Mr. Vitale became aware of cracks in the slab in the home at 6025 Edgewater, specifically cracks in the living room and bathroom. According to Mr. Vitale, the cracks can be repaired without disturbing the foundation of the home. He feels no exposure will be created by filling the cracks. In fact, soil and dust discovered in the crack in the bathroom tested negative for contaminants.

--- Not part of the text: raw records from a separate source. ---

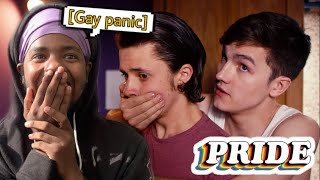 REACTING to Gay Short Films because I’m GAY asf!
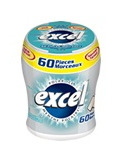 Excel Polar Ice Sugar-Free Gum Bottle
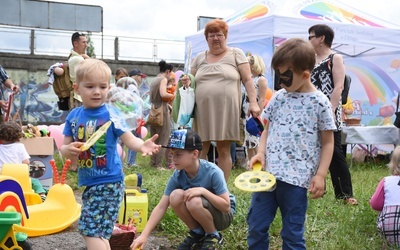 Wszyscy święci balują...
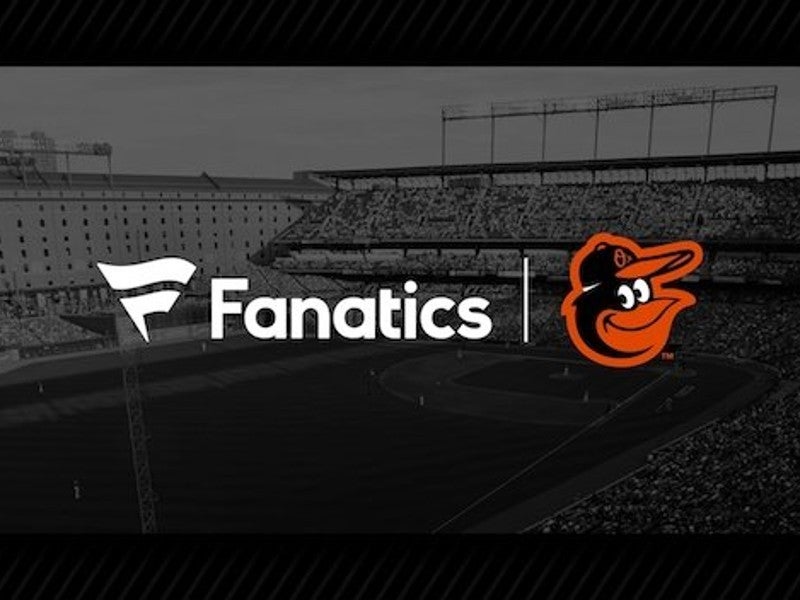 MLB’s Baltimore Orioles sign 10-year retail partnership with Fanatics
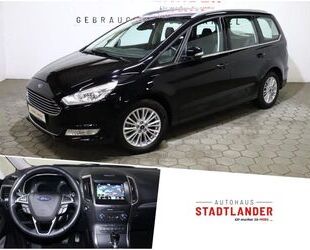 Ford Ford Galaxy Titanium 1.5 EcoBoost LEDER*NAVI*AHK Gebrauchtwagen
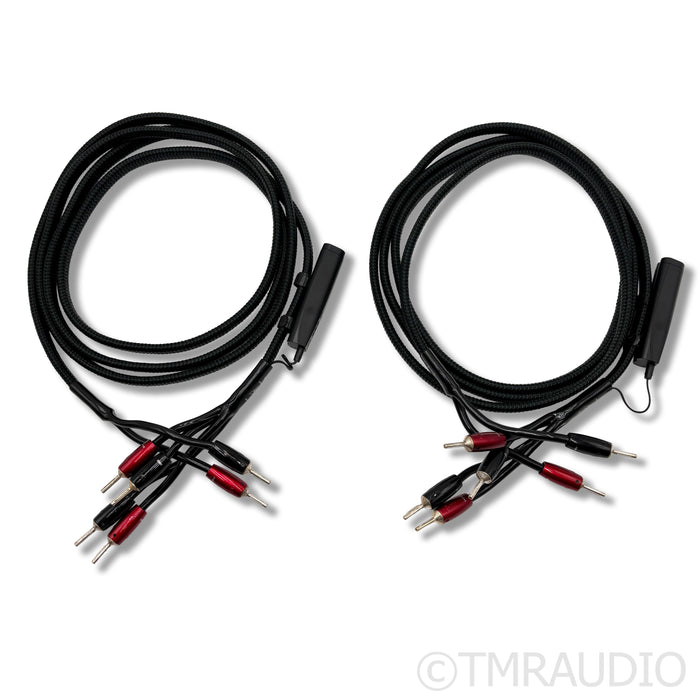 AudioQuest Rocket 88 Bi-Wire Speaker Cables; 3m Pair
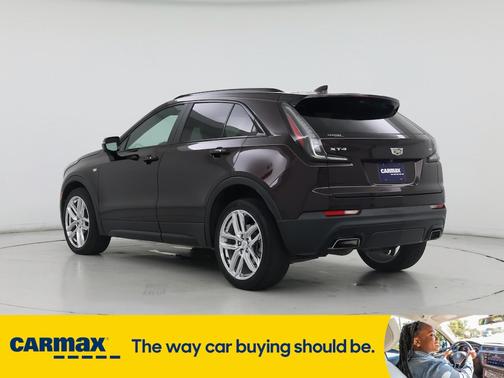 2020 Cadillac XT4 Sport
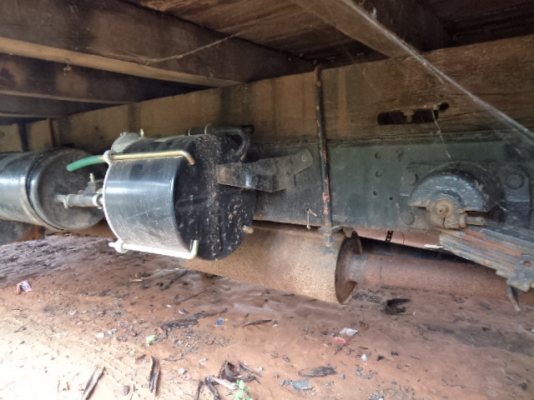 ขายรถ6ล้ออีซูซุ เครื่อง115 แรง  หัวNPR คัซซีKS21  ราคาถูกๆๆ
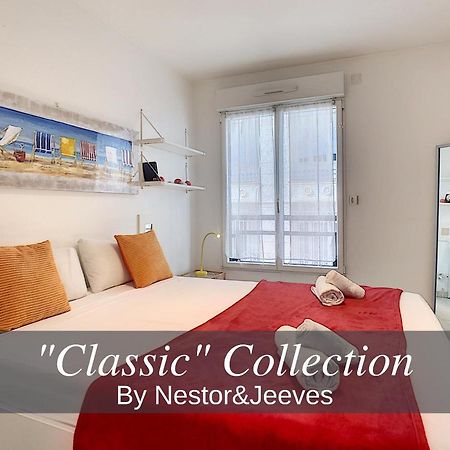 Nestor&Jeeves - Palais Liberte - Hyper Center - Shopping Area - Close Sea Niza Exterior foto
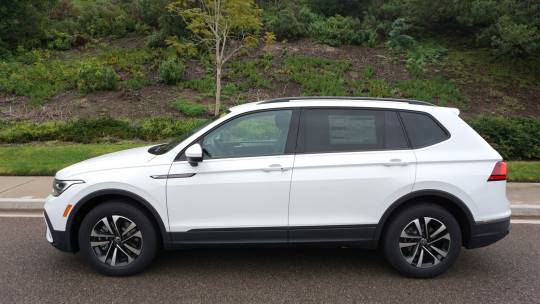 2024 Volkswagen Tiguan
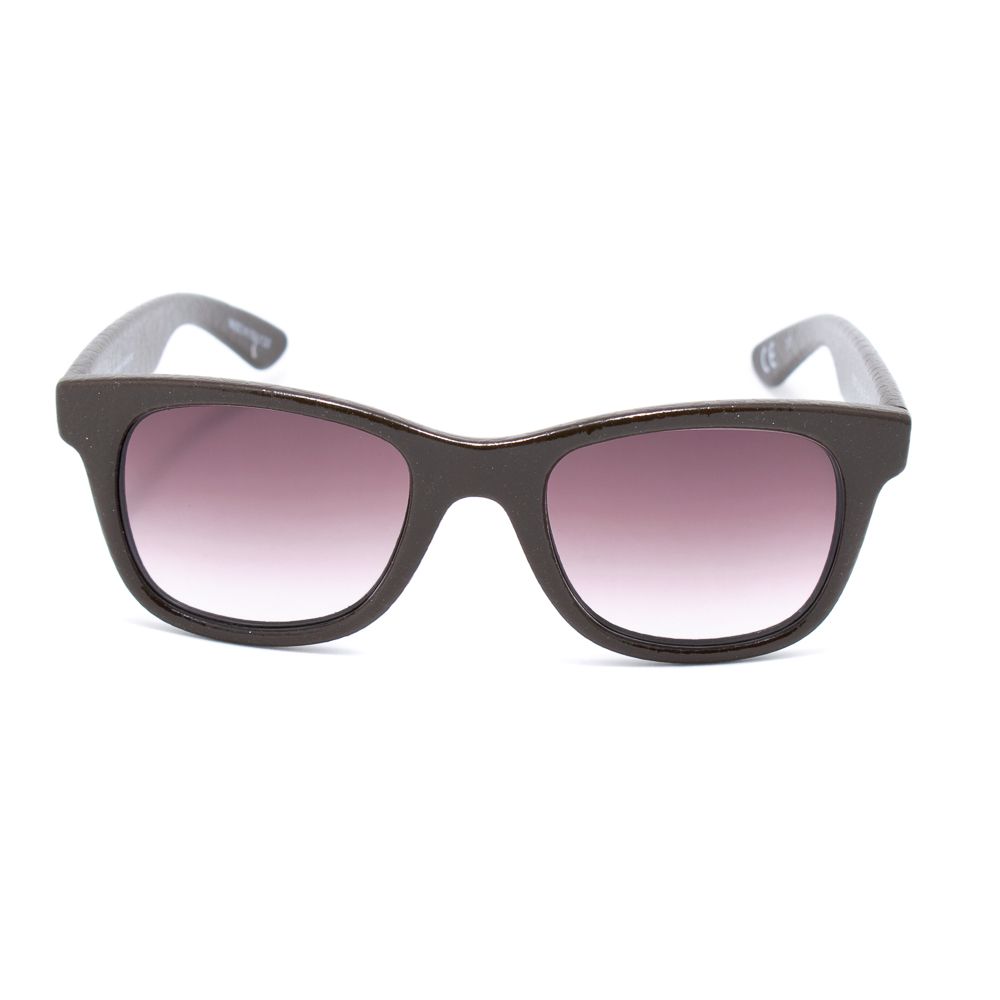 Brown Acetate Sunglasses - ventzia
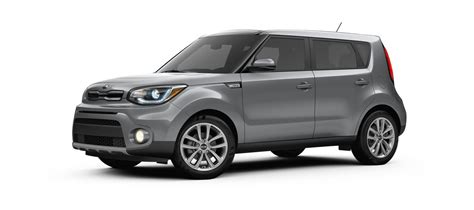 2019 Kia Soul color options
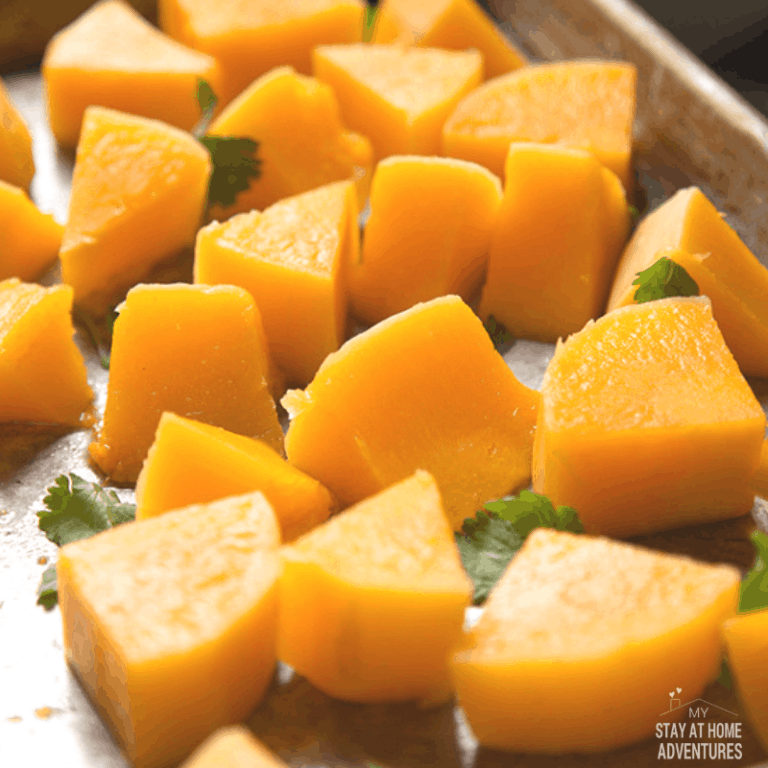 Instant Pot Butternut Squash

Mr. Vitale and others on behalf of the State of California, Department of Health Services signed a remedial action certification form (Exhibit 31) after the State finished its cleanup. According to the certification, "all appropriate response actions have been completed, . . . all acceptable engineering practices were implemented and . . . no further removal/remedial action is necessary.". The certification goes on to say that a deed restriction will be placed on the properties to notify "future owners that hazardous waste remains beneath current residents' homes." Mr. Vitale testified that presently there is no imminent and substantial endangerment.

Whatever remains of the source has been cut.